Серые, извивающиеся щели вековых улочек. Сверху на несколько тонов светлее, но наглухо серо и периодически накрапывает. Кружим где то возле центра, просто – наугад. Пива пока не ищем. Пиздец как холодно. Туристы с красными носами тепло одеты и наглухо застегнуты. Только англичане: молодые, пьяные с утра или еще с вечера попадаются группами в одних футболках, а некоторые отмороженные в шортах вместо штанов. Вообще, нация что называется – оторви и выбрось.

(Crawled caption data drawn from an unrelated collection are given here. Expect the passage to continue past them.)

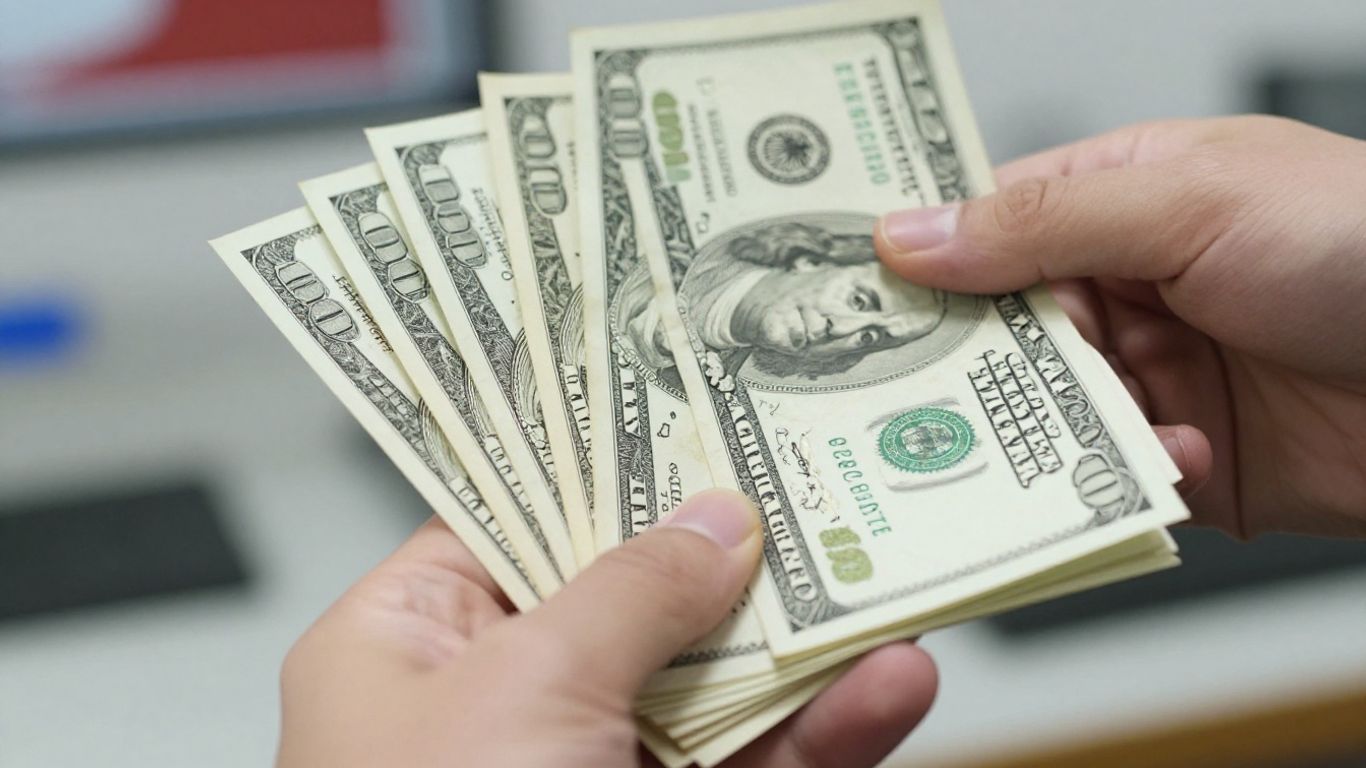 Hand holding money, bad credit loan concept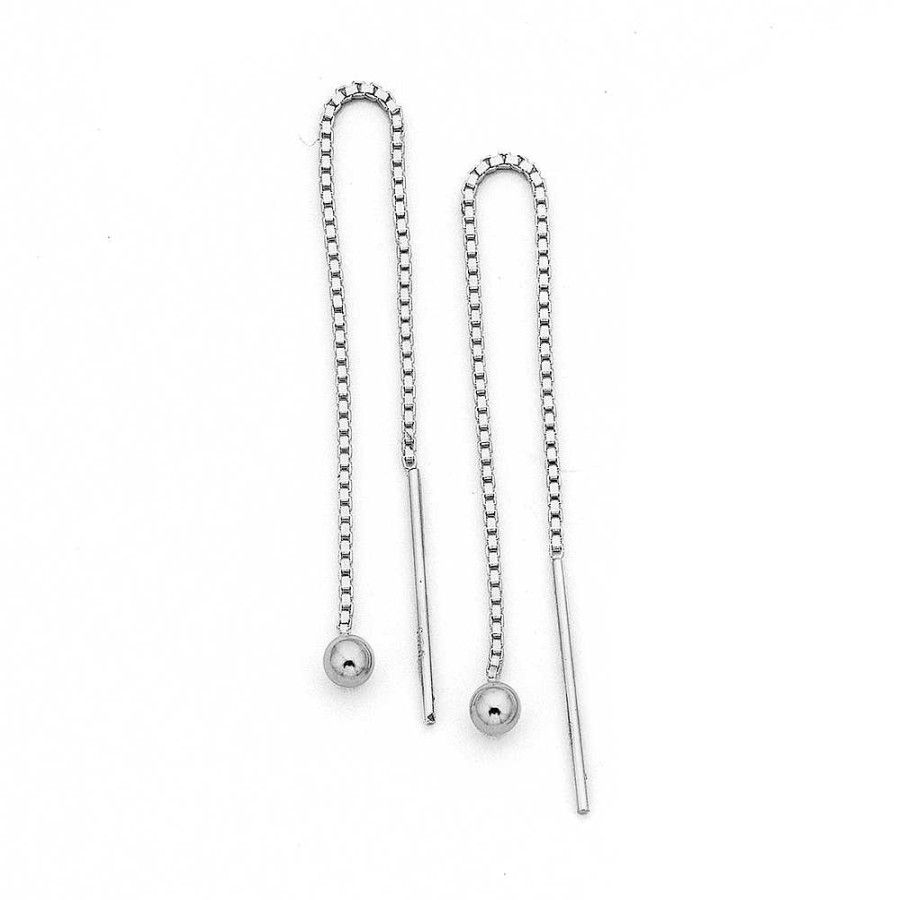 Earrings Pascoes | Box Chain And Ball Drop Earrings In Sterling Silver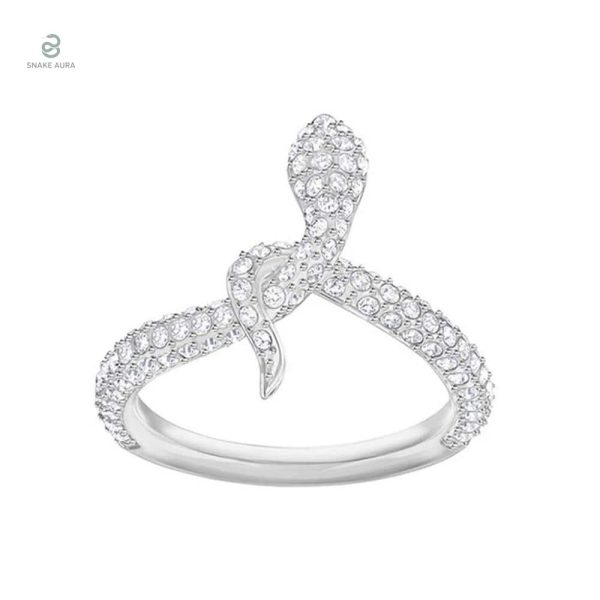 Bague serpent luxe féminin en métal brillant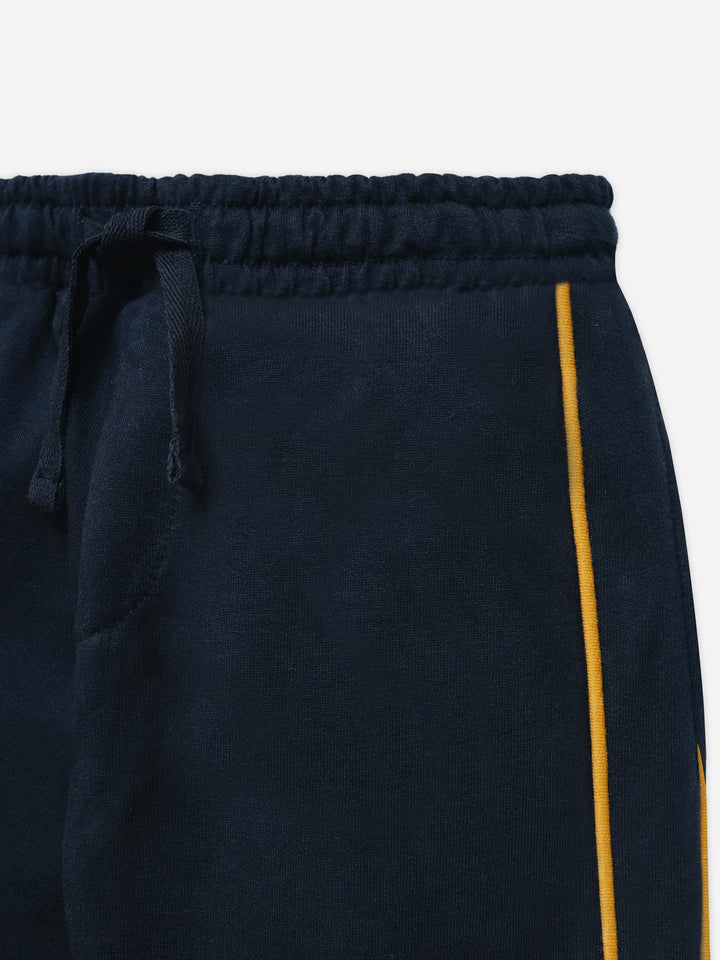 Navy Blue Sweat Pajama With Detailing - Junior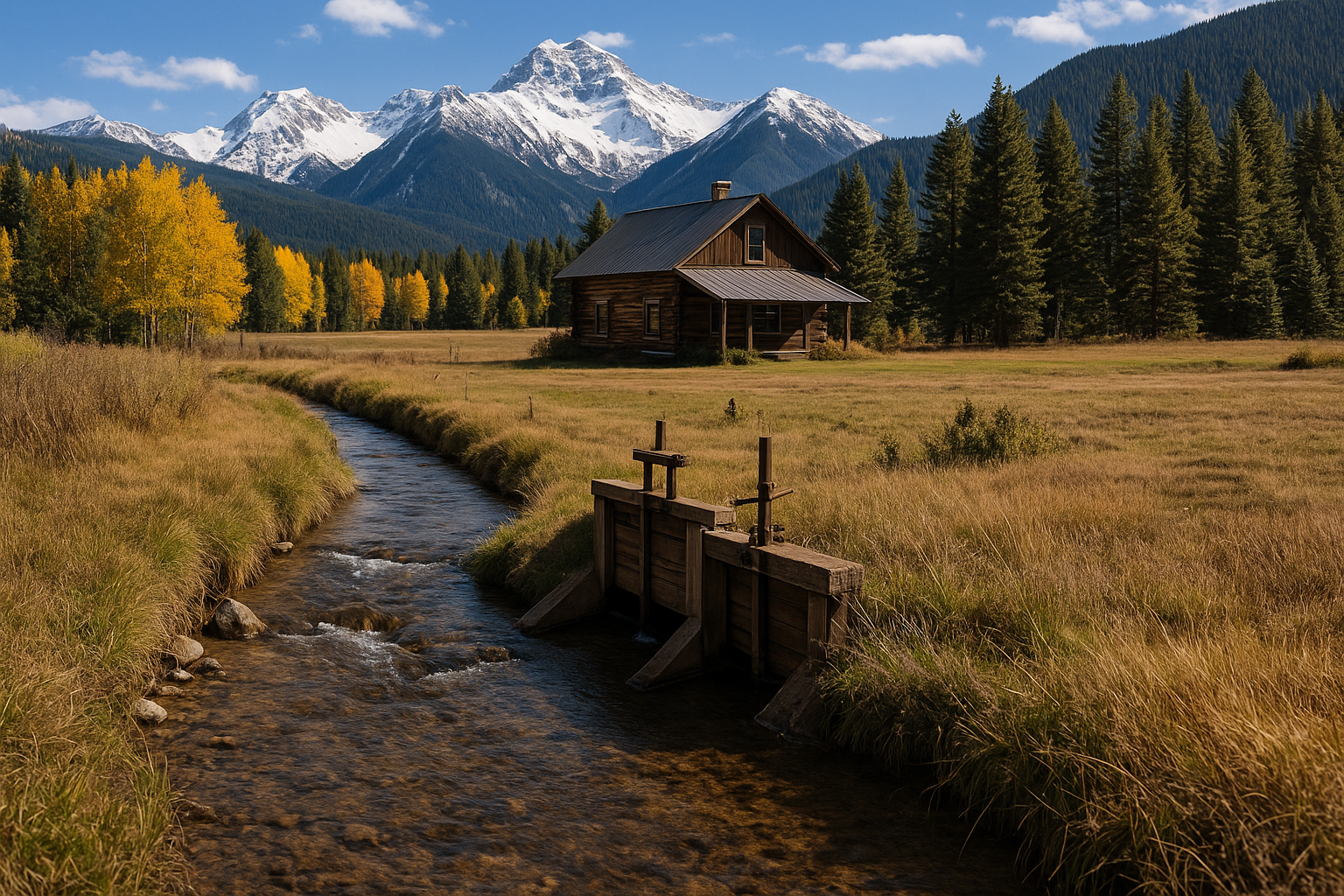 Colorado mountain property with irrigation ditch showing water rights in real estate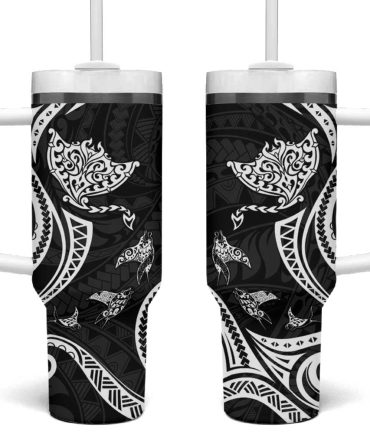 Hawaii Manta Ray Polynesian Art Tattoo Custom Stanley Quencher 40Oz Stainless Steel Tumbler With Handle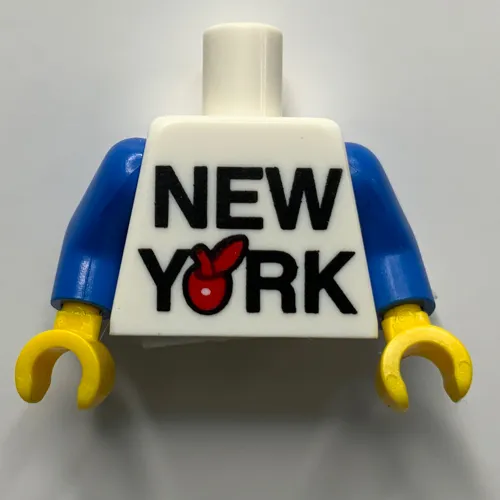 Torso with New York Red Apple Print, Blue Arms, Yellow Hands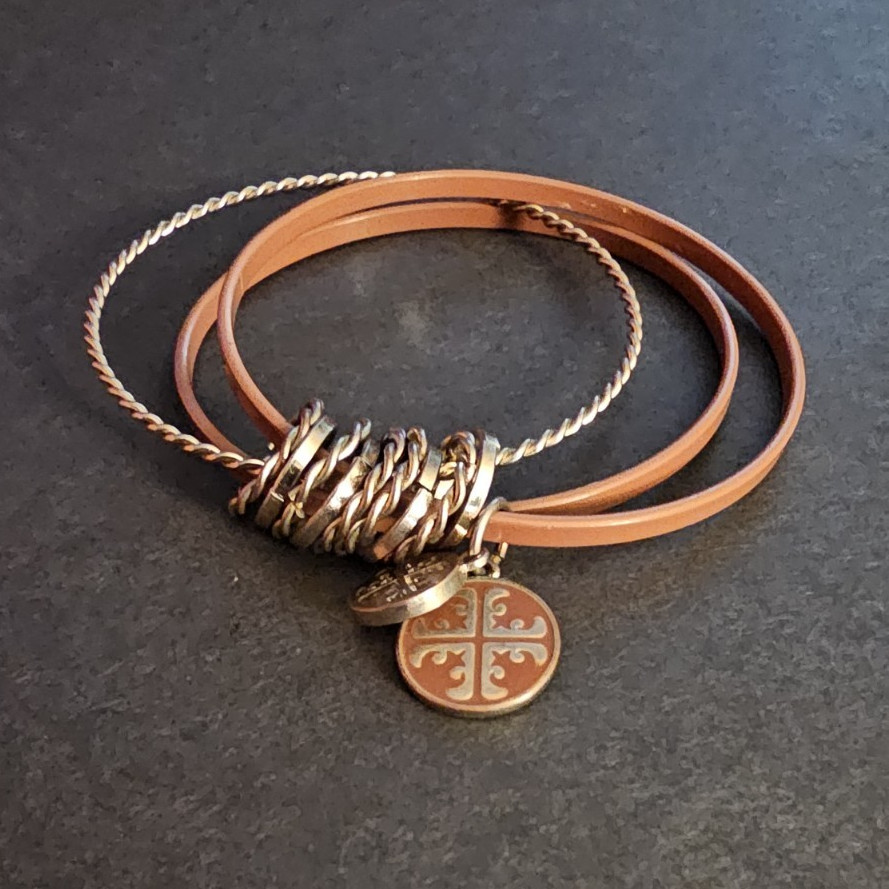 Brown Leather Wire Bangle Cuff Bracelet w/ Round Cross Dangle Charms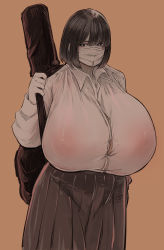 Rule 34 | 1girl, absurdres, black eyes, black hair, bob cut, breasts, brown background, buttons, character request, chichi8181, commentary request, copyright request, covered erect nipples, cowboy shot, gigantic breasts, hair between eyes, highres, huge breasts, large areolae, long sleeves, looking at viewer, mask, monochrome, mouth mask, nipples, pleated skirt, see-through, see-through shirt, shirt, short hair, simple background, skirt, solo, standing, surgical mask, taut clothes, taut shirt, white shirt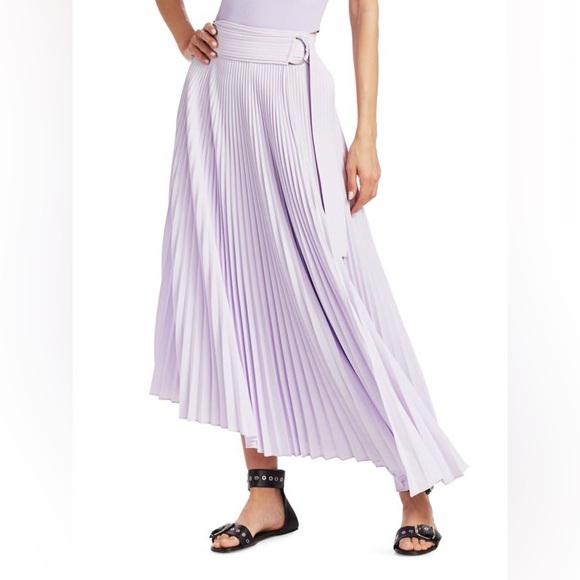 A.L.C. Arielle Pleated Asymmetric Midi Skirt Size 8 - Picture 4 of 15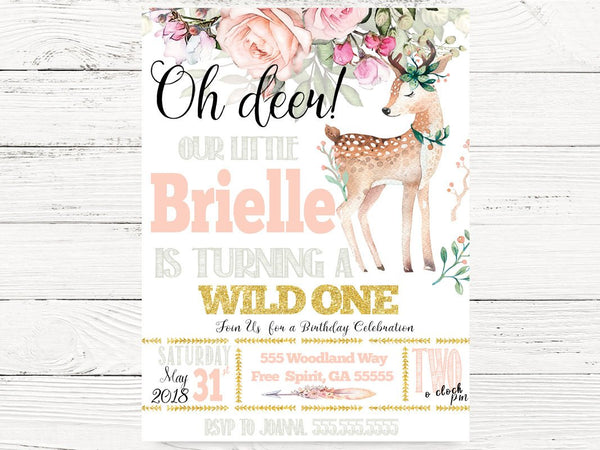 Digital Oh Deer 1st Birthday Invitations, Our Little Deer Invite, Wild One Themed Party, First Birthday Invitation, C093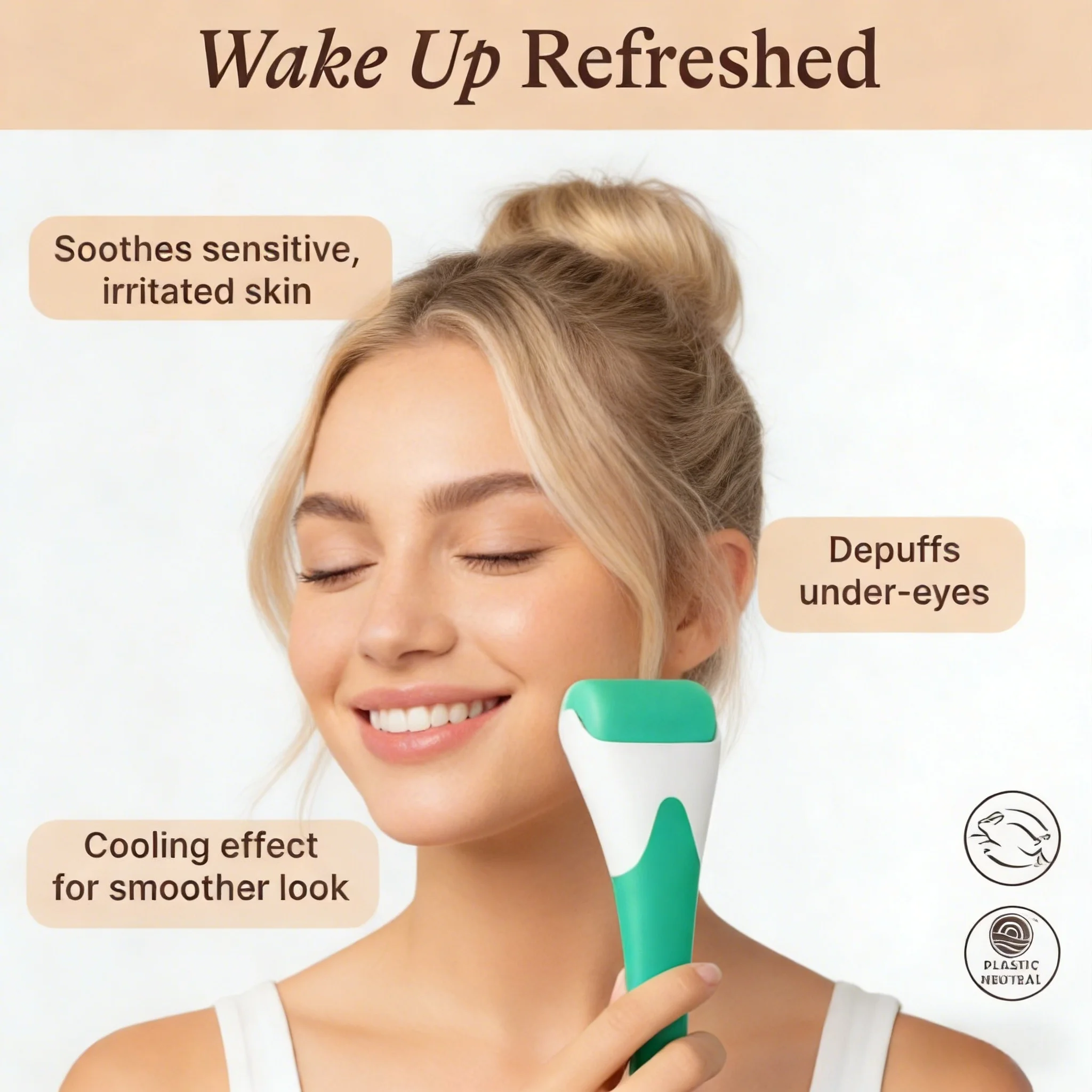 Rouleau de glace pour le visage et les yeux, soulagement des yeux gonflés, réducteur de rides, masseur Facial, outil de soins de la peau, appareil de beauté, thérapie par le froid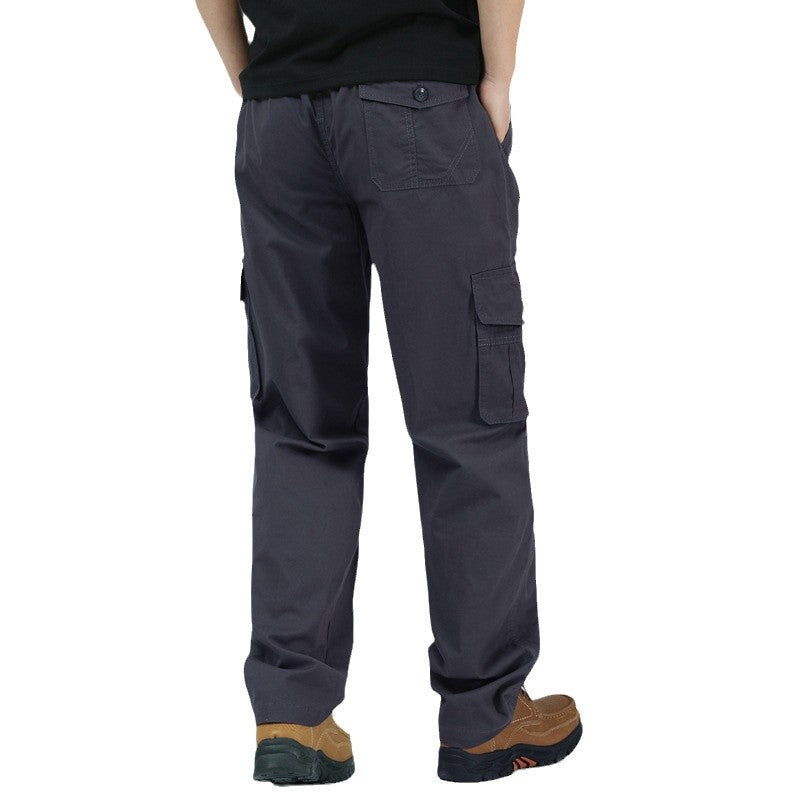 Men's Casual Plus-Size Multi-Pocket Work Pants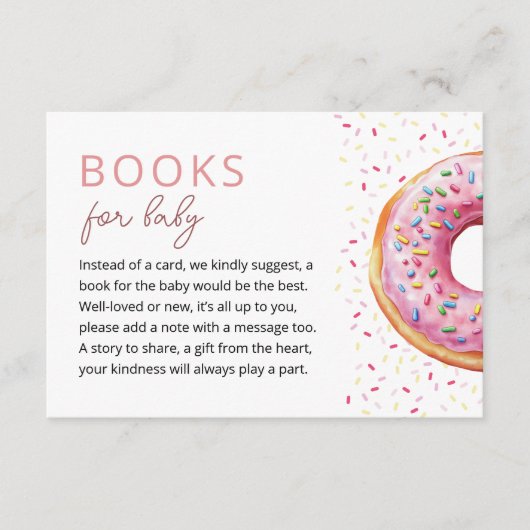 Rosa Donut-Bücher für Baby Begleitkarte (Vorderseite)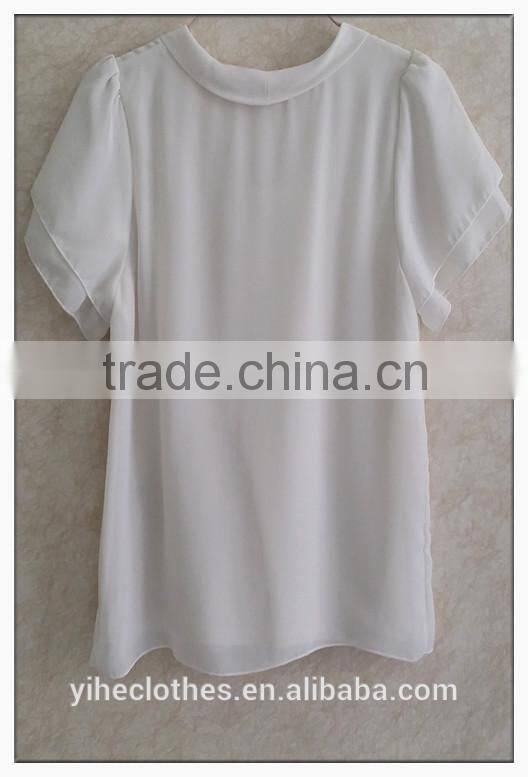 Sailor collar chiffon t-shirt sweet bow girl white tshirt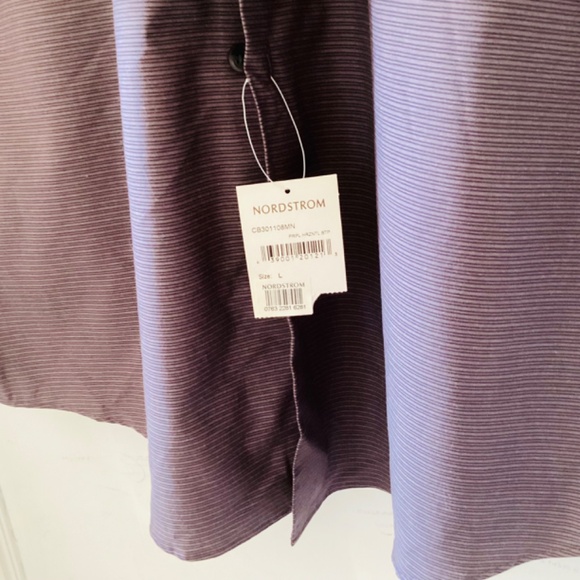 Nordstrom Calibrate Men's Short Sleeve Button Down purple horizontal stripe L - Picture 6 of 13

И бухают католики и протестанты крепче православных. По опыту Кипра, Греции, этих традиционно тусовочных мест островитян-снобов, (которые нихуя к слову не снобы) я был поражен, как остервенело бухает их молодое поколение, – словно завтра страшный суд и некролог на всю компанию уже заготовлен, и не отстает старшее, и старики стараются держать порох по возможности сухим – размачивая его прямо с утра в барах. Если в десять утра пожилой господин сидит с помятой рожей и кружкой в баре, то: а) он будет англоговорящим; б) прохладно-вежливым, и на настоящем, а потому мало понятном инглиш подскажет, где в заведении туалет. Да, подданные ее величества – БУХАЮТ. От души, до усрачки, наперегонки, взахлеп!
Мы зашли в собор святого Якуба просто погреться. После махины Витта, он казался водонапорной башенкой уездного городка. Посидели на тяжелых скамьях, послушали музыку и когда нос у ребенка стал привычного цвета, вышли.
В дверях я столкнулся с сэром Джейсоном Флемингом (Карты, деньги, два ствола; Большо куш). Я не мог обознаться, поэтому охуевший вернулся внутрь. Подошел и на кривом английском спросил актер ли он. Фамилия просто выскочила из головы.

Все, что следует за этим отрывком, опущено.